Lose Your Job, Go to the Food Bank?

This past Saturday found me driving along Route 4 listening to commercial radio. (I know what you’re thinking: did last Saturday also find you breathing and blinking at regular intervals? Did it find you wearing shoes? But you have to understand, I haven’t owned a car or listened to commercial radio in years. It’s been public transit and public broadcasting all the way.)

The thing about not owning a car or listening to commercial radio is that you tend to get a bit smug about yourself. It’s your reward for putting up with the inconvenience of public transit (“Damn, I just missed the bus.
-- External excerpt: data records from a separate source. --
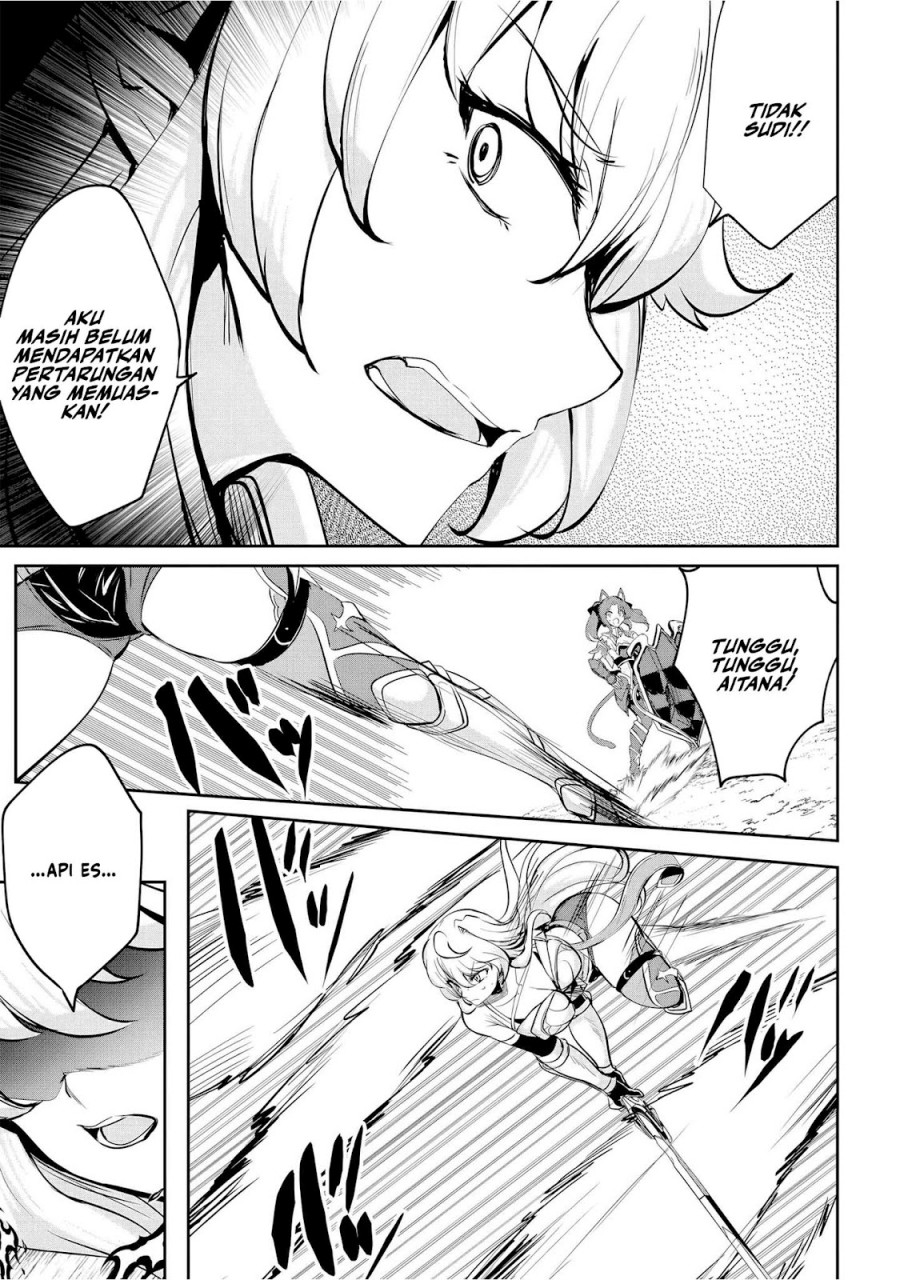 Dore dake Doryoku Shite mo Mannen Level 0 no Ore wa Tsuihou Sareta chapter 6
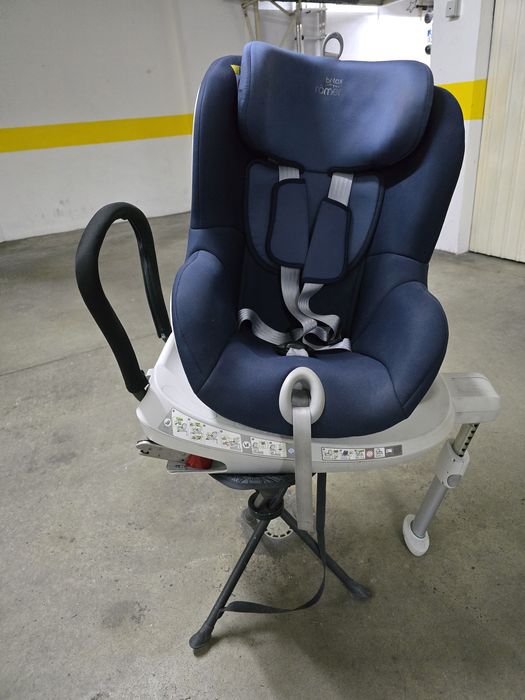 Cadeira bebé Britax romer 360°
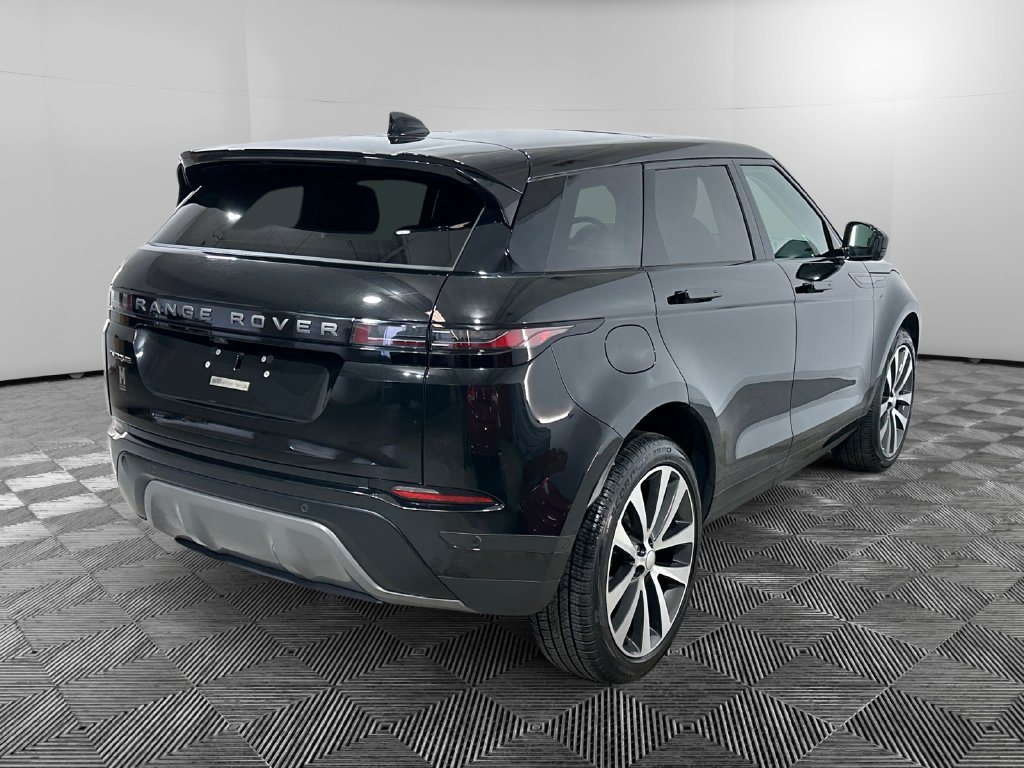 Used 2025 Land Rover Range Rover Evoque S AWD/4WD image 6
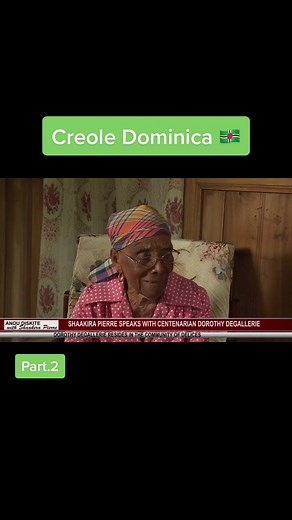 Répondre à @caribbean.peoples #creole #kreyol #kweyol #patois #dominica #🇩🇲 #767🇩🇲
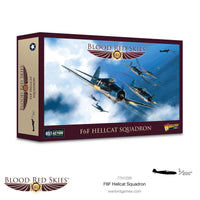F6F Hellcat Squadron - Blood Red Skies 1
Guess I’ll spend another hour at the mall…”) and the many annoyances of public broadcasting (“Do we really have to talk about female genital mutilation at 8:30 a.m.? Couldn’t I finish my coffee first?”) Therefore, I think it’s important that I make a full confession about how much fun it is to drive along listening to classic rock.

But as it was the Thanksgiving weekend, the commercial station in question was also holding a fundraiser — or more accurately, a food raiser — for Sydney’s Loaves and Fishes Food Bank, so between choruses of “Sweet Child O’Mine” and “Magic Man” I heard the DJ making the case for donating food to the less fortunate. One of his lines lodged in my head so firmly it’s still there, days later. Explaining how people who never dreamed they’d need to use a food bank end up at one, he said:

You lose your job and suddenly, you can’t feed your kids.

 

Is that really the society we live in? I thought Canada was a more progressive place, where we recognized that people (and their children) have a right to food, even if our downsized, outsourced, part-time, contract-based, automated labor market has no current use for them. And by a right to food I don’t mean a right to visit a food bank.

Have we really removed government entirely from this equation? Is charity the only solution? The DJ seemed to think so — he made no mention of Employment Insurance (EI) or Social Assistance or the social safety net. In his account of things, people go straight from losing their jobs to Loaves and Fishes.

And he’s not entirely wrong — people working two and three part-time or contract jobs may not be paying into EI and won’t qualify to collect it when and if they lose one or two or three of those jobs. And Social Assistance in Nova Scotia barely allows recipients to pay rent, let alone buy food — not to mention how expensive it is to apply for, as was documented recently by The Nova Scotia Advocate.

The DJ said he personally “thanks God” that he and his wife have good jobs, suggesting one’s state of employment has nothing to do with one’s qualifications or the vagaries of the labor market and everything to do with God’s will. (Raising theological questions beyond the scope of this article like, “Why would God ensure Cape Breton has an adequate supply of commercial radio DJs while stiffing us on doctors?”)

 

I don’t mean to pick on the DJ and I’m certainly not picking on Loaves and Fishes — food banks perform a vital service in our society, but the people running them are the first to acknowledge there’s something wrong with this picture.

Listen to Shawn Pegg, director of policy and research for Food Banks Canada. In 2016, the organization released a report  showing that food bank usage was up, generally,  in Canada and up 20.9% year-on-year in Nova Scotia. At the time, Pegg told CTV news:

Governments are failing to provide adequate supports to people who have fallen on hard times. It shows we need to break from the past in our approach to solving the problems of poverty, food and security and hunger.

The report itself argues that social assistance is “based in a culture of suspicion and distrust rather than one of support and mutual aid” and “traps Canadians in poverty rather than helping them to escape it.”

It’s a harder concept to sell in a commercial radio format — instead of encouraging people to grab a few cans and boxes from their kitchen cupboards and donate them to the food bank (with the intent of providing people with food for one weekend in October) you’d have to encourage them to think about the social contract and income inequality and redistribution of wealth and social justice — and then somehow segue from there into “Tom Sawyer” or “Brandy.”

But I’d take awkward segues (“You know who doesn’t have to visit food banks? Bob Seeger. Why? Because he has been richly rewarded for his contributions to society, including this eponymous track from his 1980 album, Against the Wind…) over matter-of-fact statements like, “You lose your job and suddenly, you can’t feed your kids” any day.